日本対ブラジルの親善試合で、ブラジル代表が日本に逆転負けを喫した(Foto: Rafael Ribeiro/CBF)
日本対ブラジルの親善試合で、ブラジル代表が日本に逆転負けを喫した(Foto: Rafael Ribeiro/CBF)

長年、サンパウロに住んでブラジルのフットボールを追い続け、その一方で祖国日本のフットボールの発展を願ってきた者として、「ついにこの日が来た!」という感慨を覚えずにはいられなかった。

14日、日本代表がセレソン(ブラジル代表)と東京で対戦した。過去、13戦して2分11敗(得点5、失点35)。これは、クラブであれば「ディビジョンが2つか3つ下」、「対戦するのがおこがましい」というほどの差だ。

ワールドカップ(W杯)では2006年ドイツ大会のグループステージ(GS)で対戦し、1-4の大敗を喫している。(この試合は、筆者も現地で観戦した)。

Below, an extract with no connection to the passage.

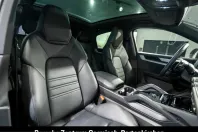 Porsche Cayenne din 2024 cu 25.793 km - oferta POR220256 - foto 10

今月10日、ブラジルはソウルで、日本の長年のライバル韓国と対戦。ロドリゴ(レアル・マドリー)、18歳エステヴァン(チェルシー)らが躍動し、5ゴールを叩き込んで大勝した。

同じ日、日本は東京で南米の中堅国パラグアイと対戦し、二度に渡ってリードを許す苦しい展開。後半アディショナル・タイムに上田綺世(フェイエノールト)が頭で決め、辛うじて引き分けた。

ブラジル戦の前半、日本の守備陣はブラジル選手の流れるようなパスワークとスペースを突く鋭い動きに対応できず、2失点。「韓国に続いて日本もボコボコにされるのか」と思われた。

ところが、後半、日本は高い位置から激しいプレスを敢行して主導権を握り、ブラジル守備陣のミスもあって1点を返す。これでセレソンが意気消沈し、組織的なプレーが影を潜めた。日本は19分間に3ゴールを叩き込み、3-2の大逆転勝ちを収めた。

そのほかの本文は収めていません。